Pre-sale franchise disclosures are not stipulated by the Russian law. Nevertheless, pre-contractual and contractual disclosure obligations may be established on the basis of the civil-law doctrine of culpa in contrahendo and the main principle of good faith at the time of contractual negotiations or on the basis of agreement of the parties.
When a franchise agreement is signed, the franchisor will be obliged to provide technical and commercial documentation, and any other information necessary for franchisee to develop and operate the franchise in the contracted territory. The franchisor has to instruct the franchisee (its employees) on the related technical and commercial aspects associated with the relevant operations (e.g. by way of training or similar sessions).
A franchise, even if set out by the agreement governed by a foreign law, must be recorded with Rospatent. A franchise that is not recorded with Rospatent will be regarded as invalid (Article 1028 (2) of the Russian Civil Code). Therefore, in order to close the deal, it is necessary to file an application for franchise recordal and obtain franchise registration upon the execution of the contract.

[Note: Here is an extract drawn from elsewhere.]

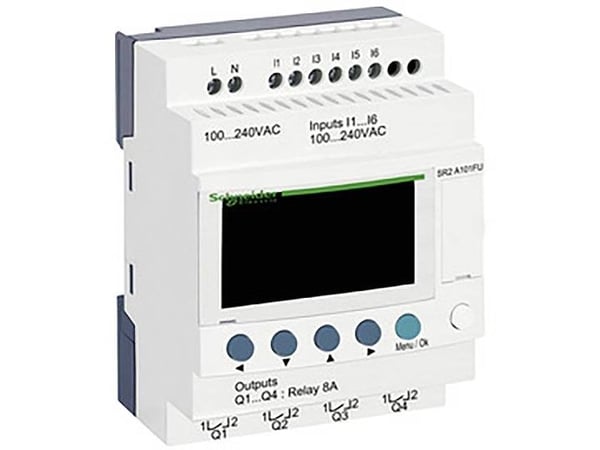 Schneider programmerbart relé 100-240V AC 6we/4wy (SR2A101FU)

From the IP perspective, the contract should address the following material provisions:
- Subject matter (trademark registration and description of the other licensed IP rights),
- Franchised products (goods/services under the licensed trademark registration),
- Scope of rights (permitted use of trademark/IP and description of franchisee’s business operations),
- Compensation (franchise-entrance fee, franchise ongoing fees, etc.),
- Type of franchise (exclusive or non-exclusive franchise),
- Term and termination (mutual and/or unilateral),
- Territory (whole of Russia or certain specific areas/regions),
- Sub-franchising (permitted or prohibited).

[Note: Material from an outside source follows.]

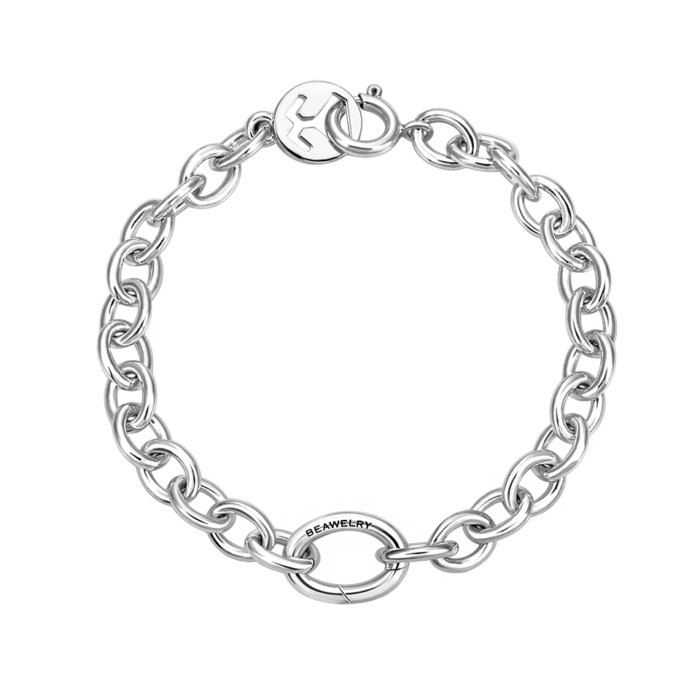 Silver Opened Link Bracelet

Of course, the franchise agreement will also contain other important clauses, including duties of the parties, opening and exploitation of units, product advertising and quality control, protection of IP rights and confidential information, governing law and dispute resolution.
According to Article 1037 of the Russian Civil Code, any party may terminate a franchise agreement with an indefinite term at any time. In that case, six months’ prior written notice is required, unless the contract indicates a different notice period. Generally, either party may terminate the franchise relationship at any time by sending a written notice to the other party 30 days in advance and by paying the termination fee.
Also, if the right to a licensed trademark (or trade name) is lost for any reason, the franchise agreement will be terminated, unless any similar (effective) exclusive right is granted (substituted) by the franchisor. Finally, if the franchisor or franchisee becomes insolvent (bankrupt), the franchise agreement will be terminated.